Gunfights, sideshows, and ‘The Six Million Dollar Man’: When a 65-year-old corpse disrupted a sitcom
It’s one of the most macabre discoveries in television history. While filming at California’s The Pike amusement park in December 1976, a prop man working for The Six Million Dollar Man’s production crew went to move what they thought was a hanging dummy from the Laff in the Dark funhouse ride. When the presumed model’s arm came off, real bone and human tissue were revealed to the shock of the team.
Just how a real human corpse could have wound up as a grisly prop in a spook house still beggars belief. Yet, the mummified cadaver had quite a career before the gruesome revelations, having travelled several states across the US South Central and the eventual West Coast, having been gawped at by countless morbid onlookers via the sideshow trade, and even making an appearance in an exploitation horror film in the 60-odd years since his death.
The man who once inhabited the DayGlo orange-sprayed attraction prop, in fact, came from all the way North Eastern of the country in Maine. Born in Washington in 1880, Elmer McCurdy’s out-of-wedlock illegitimacy would haunt the young drifter, developing into a drinking problem in his teens and leading toward a drifting life of petty crime and robbery after brief spells as a plumber and in the US Army. Trained in the use of nitroglycerin for explosions during his time in the Quartermaster Corps, McCurdy and his outlaw gang would deploy the chemical materials to blow open safes when robbing trans and banks across the Oklahoma area.
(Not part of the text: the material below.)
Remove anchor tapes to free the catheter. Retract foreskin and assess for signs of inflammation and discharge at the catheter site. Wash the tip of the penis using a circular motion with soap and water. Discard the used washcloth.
He was no expert, often bungling such operations by loading too much powder and destroying the cash and silver coins they were after, as well as holding up the wrong target entirely. Thinking they’d seized the intended Katy Train transporting $400,000 in cash to the Osage Nation, McCurdy and his coterie of thieves instead stopped a regular passenger train and made off with a pitiful $46, two demijohns of whiskey, a coat, a watch, and a revolver. Despite the meagre prizes, a $2,000 bounty had been placed on his head, and in the early hours of October 7th, 1911, a gunfight with law enforcement outside their hay shed hideout resulted in McCurdy’s fatal shot to the chest at 31 years old.
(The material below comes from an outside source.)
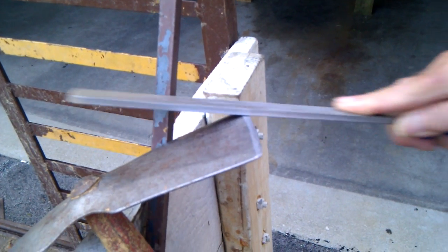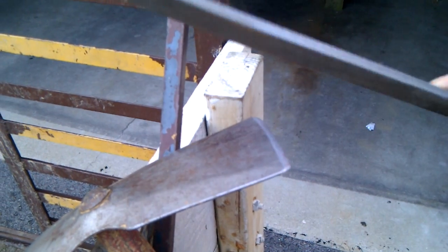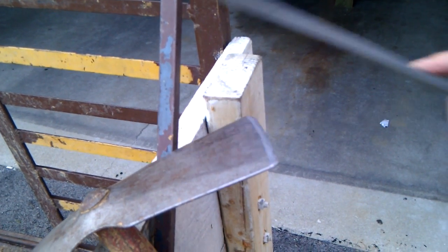Just take a good file. Is that a medium grit or a fine grit, Farrell? That's a medium grit — medium grit file. Good flat file. And we've got a good edge.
It’s in death that McCurdy’s tale took its strangest turn. Embalmed with an arsenic-based preservative by a Pawshuka undertaker, the ongoing unclaiming of McCurdy’s body and lack of compensation for the post-mortem work triggered the novel idea of charging for visitations of ‘The Bandit Who Wouldn’t Give Up’ in the corner of the funeral home, complete with street clothes and rifle in hand. It proved popular, the embalmer refusing eager buyers from the travelling carnival trade. In 1916, two men named Aver and Wayne claimed to be relatives of McCurdy and intended to give their brother an honourable burial in San Fransicso. They lied. It turned out the two were, in fact, the owners of Great Patterson Carnival Shows, who had just got their hands on the planned ‘The Outlaw Who Would Never Be Captured Alive’ travelling exhibit.
From here on, unscrupulous showmen and promoters would all exchange McCurdy’s corpse across the years, graduating to the Museum of Crime in 1922, an accompaniment of the 1928 Trans-American Footrace, and later greeting horror fans in the theatre lobby of 1933’s Narcotic! exploitation feature as a supposed example of a drug victim, the tawdry picture was sensationalising.
By now, the body was in a state of serious, unsightly deterioration, stored in a Los Angeles warehouse by Museum of Crime owner Louis Sonney after its loaning proved difficult, but not before his son lent McCurdy as a prop for 1967’s She Freak. After a show at Mount Rushmore under the aegis of Hollywood Wax Museum owner Spoony Singh, one final deal with The Pike co-owner Ed Liersch resulted in McCurdy’s usage as a hanging corpse, until that fateful discovery.
Remarkably, McCurdy had quite literally been forgotten about, left with a noose around his neck alongside the Laffing Sal and Blackie the Barker automatons and visited every day by families and children enjoying a day out. By 1976, the park had been struggling with ticket sales, as Disneyland’s challenge in the state and the loss of its signature Cyclone Racer coaster affected numbers, likely rendering the Laff in the Dark ride as an afterthought to The Pike authorities.
Taken to the Los Angeles coroner’s office, McCurdy’s identity was gleaned due to a 1924 penny and tickets to Louis Sonney’s Museum of Crime in his mouth. After 65 years, McCurdy was finally buried in Oklahoma’s Summit View Cemetery underneath two feet of concrete to dispel any further ideas of his corpse entering the entertainment industry ever again.
It’s a sad and curious tale, a grim exercise of post-mortem commercialism where profits superseded the dignity of a man’s body, and likely the first and last time a corpse held such a busy schedule, boasting two film credits.